Collected data
▼▼▼

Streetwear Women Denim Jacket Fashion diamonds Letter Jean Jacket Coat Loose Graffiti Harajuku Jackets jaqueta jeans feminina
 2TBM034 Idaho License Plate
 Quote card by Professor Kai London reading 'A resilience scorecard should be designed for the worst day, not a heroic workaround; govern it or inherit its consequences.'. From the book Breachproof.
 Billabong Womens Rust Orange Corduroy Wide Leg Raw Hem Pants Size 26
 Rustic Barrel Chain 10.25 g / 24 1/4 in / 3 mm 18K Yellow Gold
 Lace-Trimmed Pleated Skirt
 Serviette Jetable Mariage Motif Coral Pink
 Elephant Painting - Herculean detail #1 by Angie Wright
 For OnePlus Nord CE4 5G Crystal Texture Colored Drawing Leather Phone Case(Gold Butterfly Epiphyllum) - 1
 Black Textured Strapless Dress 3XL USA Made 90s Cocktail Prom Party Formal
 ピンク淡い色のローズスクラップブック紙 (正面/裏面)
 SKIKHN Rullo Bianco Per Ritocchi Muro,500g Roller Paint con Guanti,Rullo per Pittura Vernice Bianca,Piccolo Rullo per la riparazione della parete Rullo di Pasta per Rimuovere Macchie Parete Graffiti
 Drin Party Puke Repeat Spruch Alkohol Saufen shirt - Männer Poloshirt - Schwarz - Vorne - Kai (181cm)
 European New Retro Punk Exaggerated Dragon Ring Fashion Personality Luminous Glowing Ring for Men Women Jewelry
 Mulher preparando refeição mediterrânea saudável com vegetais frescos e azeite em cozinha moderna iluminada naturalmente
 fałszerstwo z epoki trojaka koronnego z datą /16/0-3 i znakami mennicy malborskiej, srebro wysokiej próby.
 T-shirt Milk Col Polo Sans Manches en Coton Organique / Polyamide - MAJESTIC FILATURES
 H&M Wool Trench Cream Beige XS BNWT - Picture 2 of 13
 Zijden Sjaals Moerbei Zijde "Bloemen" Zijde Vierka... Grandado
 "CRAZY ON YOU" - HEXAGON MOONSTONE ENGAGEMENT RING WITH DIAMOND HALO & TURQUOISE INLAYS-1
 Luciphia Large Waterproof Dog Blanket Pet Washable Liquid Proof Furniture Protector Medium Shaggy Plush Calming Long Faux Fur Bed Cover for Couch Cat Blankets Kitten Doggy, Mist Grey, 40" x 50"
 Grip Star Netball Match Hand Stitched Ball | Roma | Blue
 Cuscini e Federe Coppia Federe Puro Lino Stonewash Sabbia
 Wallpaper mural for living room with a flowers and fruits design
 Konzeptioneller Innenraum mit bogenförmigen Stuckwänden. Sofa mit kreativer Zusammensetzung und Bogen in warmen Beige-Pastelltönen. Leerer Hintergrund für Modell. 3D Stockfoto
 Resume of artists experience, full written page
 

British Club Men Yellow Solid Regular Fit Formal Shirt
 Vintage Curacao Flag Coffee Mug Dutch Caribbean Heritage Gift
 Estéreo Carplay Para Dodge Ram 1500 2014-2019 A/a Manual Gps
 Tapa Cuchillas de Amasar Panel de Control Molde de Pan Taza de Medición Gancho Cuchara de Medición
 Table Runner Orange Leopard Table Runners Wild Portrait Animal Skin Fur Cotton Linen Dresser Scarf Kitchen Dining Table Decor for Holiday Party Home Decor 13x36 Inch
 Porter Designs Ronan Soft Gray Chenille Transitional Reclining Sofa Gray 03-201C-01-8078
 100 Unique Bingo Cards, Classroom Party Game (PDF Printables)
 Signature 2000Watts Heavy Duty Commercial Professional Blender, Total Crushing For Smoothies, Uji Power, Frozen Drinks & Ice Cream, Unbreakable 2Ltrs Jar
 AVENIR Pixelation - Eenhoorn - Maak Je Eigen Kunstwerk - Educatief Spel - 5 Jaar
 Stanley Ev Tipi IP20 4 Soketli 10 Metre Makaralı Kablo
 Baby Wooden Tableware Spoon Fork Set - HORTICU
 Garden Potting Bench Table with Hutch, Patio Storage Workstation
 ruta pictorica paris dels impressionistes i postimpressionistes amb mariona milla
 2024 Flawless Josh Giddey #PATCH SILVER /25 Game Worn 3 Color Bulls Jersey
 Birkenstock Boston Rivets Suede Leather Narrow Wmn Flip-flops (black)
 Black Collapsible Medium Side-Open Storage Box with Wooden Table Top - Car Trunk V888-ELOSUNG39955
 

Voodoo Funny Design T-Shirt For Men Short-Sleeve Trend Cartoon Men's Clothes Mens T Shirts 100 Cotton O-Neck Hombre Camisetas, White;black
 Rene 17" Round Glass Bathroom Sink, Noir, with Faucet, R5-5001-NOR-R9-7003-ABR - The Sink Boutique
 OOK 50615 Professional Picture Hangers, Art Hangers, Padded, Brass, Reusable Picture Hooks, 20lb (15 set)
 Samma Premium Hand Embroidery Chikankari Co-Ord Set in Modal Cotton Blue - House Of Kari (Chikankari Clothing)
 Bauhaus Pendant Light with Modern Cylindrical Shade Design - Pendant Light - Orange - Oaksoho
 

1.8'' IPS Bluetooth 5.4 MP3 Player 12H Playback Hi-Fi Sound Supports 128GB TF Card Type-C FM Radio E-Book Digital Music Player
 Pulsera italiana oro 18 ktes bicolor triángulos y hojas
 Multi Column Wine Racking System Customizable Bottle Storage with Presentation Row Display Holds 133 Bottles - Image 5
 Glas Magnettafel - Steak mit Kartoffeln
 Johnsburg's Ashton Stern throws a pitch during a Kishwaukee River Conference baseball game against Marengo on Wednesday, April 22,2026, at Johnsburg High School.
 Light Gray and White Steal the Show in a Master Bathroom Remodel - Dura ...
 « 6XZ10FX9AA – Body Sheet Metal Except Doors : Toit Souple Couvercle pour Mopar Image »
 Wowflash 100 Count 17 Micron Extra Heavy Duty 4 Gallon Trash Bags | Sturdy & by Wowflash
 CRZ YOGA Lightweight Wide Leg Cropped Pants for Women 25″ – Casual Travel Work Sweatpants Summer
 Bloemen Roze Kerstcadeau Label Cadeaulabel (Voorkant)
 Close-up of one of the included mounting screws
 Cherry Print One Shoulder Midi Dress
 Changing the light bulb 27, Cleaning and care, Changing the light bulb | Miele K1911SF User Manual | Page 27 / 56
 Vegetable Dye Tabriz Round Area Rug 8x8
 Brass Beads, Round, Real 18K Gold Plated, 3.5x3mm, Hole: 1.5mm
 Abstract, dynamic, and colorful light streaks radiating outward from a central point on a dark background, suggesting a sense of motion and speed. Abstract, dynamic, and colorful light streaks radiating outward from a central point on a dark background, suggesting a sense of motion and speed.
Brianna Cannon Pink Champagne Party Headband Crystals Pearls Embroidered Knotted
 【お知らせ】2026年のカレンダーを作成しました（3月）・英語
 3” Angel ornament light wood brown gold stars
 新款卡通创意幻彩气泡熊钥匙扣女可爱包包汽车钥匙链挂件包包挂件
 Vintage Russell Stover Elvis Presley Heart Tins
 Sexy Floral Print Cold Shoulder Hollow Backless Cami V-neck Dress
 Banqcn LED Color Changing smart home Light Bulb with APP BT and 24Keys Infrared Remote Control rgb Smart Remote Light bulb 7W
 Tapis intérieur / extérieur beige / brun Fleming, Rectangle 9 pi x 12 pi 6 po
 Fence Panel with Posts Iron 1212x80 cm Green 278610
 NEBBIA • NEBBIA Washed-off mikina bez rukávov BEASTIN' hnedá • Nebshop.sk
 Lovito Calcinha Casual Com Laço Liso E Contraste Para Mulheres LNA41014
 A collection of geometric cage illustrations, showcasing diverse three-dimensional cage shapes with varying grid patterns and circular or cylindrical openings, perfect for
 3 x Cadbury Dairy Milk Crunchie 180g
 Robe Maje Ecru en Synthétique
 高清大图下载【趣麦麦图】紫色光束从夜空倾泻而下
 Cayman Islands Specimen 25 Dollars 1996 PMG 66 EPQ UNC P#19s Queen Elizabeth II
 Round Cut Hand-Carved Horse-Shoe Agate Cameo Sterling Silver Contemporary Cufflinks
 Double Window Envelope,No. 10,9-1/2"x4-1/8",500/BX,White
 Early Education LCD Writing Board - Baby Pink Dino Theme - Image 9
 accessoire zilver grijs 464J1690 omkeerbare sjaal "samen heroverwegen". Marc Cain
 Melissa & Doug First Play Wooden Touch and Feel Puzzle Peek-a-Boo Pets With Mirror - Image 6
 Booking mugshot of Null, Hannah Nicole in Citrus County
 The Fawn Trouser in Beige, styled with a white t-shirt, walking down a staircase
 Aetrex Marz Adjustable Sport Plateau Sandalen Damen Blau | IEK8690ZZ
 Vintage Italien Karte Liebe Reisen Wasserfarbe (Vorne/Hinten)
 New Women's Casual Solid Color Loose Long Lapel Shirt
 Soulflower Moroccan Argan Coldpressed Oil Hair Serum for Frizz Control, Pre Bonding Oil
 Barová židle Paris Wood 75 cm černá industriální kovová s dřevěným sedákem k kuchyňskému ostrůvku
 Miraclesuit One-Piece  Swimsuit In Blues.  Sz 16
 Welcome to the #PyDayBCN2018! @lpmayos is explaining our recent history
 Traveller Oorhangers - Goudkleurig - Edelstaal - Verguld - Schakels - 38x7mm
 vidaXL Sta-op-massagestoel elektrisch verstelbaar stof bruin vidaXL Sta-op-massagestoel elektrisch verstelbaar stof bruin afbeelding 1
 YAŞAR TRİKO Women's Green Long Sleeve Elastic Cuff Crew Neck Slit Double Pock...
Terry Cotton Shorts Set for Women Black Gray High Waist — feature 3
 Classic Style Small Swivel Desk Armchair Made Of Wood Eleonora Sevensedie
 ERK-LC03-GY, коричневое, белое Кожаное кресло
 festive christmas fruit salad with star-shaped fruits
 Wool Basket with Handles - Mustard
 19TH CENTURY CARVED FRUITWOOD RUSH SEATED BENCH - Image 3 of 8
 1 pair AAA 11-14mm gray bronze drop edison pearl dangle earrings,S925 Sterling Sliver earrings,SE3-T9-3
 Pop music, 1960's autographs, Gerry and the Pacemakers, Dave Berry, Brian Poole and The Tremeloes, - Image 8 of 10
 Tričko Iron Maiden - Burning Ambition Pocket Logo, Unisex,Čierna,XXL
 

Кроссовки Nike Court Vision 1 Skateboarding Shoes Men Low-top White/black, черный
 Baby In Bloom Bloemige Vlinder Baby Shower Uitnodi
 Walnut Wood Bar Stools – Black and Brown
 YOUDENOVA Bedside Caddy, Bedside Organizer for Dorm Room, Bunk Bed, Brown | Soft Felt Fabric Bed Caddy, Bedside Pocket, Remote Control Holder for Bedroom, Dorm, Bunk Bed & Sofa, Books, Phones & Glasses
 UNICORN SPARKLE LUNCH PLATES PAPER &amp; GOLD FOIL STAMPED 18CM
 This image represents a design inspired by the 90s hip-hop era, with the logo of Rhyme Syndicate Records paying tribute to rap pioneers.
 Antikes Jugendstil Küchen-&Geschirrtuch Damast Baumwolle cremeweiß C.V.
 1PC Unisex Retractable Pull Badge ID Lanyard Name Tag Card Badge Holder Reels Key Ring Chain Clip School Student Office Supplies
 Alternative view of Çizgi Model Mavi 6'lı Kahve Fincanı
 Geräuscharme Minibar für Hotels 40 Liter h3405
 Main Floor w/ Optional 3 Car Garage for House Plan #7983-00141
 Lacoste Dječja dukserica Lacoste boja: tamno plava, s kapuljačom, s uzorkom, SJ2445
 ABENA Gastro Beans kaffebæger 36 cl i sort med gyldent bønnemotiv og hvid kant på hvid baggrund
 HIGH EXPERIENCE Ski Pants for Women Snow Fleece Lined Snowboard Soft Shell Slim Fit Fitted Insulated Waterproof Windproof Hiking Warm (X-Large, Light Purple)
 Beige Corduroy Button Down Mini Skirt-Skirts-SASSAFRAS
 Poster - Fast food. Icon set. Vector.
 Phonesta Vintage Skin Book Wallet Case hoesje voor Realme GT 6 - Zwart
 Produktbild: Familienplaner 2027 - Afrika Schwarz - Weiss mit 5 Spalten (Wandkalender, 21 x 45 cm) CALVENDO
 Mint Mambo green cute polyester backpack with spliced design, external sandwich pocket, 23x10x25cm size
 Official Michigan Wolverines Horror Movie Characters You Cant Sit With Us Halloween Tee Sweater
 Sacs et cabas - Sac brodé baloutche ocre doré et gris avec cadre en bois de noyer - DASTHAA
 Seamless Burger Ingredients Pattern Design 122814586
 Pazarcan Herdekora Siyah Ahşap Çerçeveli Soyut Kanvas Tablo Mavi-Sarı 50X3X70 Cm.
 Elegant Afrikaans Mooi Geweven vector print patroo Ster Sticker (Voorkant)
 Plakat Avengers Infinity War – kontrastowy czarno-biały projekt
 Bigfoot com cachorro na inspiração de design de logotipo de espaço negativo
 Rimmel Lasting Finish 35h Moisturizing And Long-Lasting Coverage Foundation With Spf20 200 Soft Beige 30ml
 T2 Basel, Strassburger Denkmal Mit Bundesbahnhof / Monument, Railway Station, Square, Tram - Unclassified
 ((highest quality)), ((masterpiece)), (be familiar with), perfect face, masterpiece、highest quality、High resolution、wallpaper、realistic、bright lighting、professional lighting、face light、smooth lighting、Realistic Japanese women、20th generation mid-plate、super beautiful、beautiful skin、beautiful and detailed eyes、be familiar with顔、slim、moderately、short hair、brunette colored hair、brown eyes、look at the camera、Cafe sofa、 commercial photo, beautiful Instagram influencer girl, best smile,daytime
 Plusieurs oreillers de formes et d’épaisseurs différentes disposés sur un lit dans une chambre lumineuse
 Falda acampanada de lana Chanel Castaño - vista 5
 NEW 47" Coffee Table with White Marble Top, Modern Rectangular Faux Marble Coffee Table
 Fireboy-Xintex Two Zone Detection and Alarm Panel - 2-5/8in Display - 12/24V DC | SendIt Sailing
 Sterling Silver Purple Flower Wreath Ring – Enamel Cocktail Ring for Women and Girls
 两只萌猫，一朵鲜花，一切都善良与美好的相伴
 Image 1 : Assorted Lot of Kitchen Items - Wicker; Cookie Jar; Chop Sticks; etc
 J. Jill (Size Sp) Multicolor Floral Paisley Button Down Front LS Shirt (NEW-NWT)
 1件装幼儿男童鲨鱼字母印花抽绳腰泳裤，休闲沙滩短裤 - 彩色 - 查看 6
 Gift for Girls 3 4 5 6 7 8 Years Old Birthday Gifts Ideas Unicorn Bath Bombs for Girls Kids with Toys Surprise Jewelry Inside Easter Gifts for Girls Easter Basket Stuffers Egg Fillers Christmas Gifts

▲▲▲

Every line from the data above that contains "Chain" must appear in the answer.

■ **Result of the exercise**
 Rustic Barrel Chain 10.25 g / 24 1/4 in / 3 mm 18K Yellow Gold
 1PC Unisex Retractable Pull Badge ID Lanyard Name Tag Card Badge Holder Reels Key Ring Chain Clip School Student Office Supplies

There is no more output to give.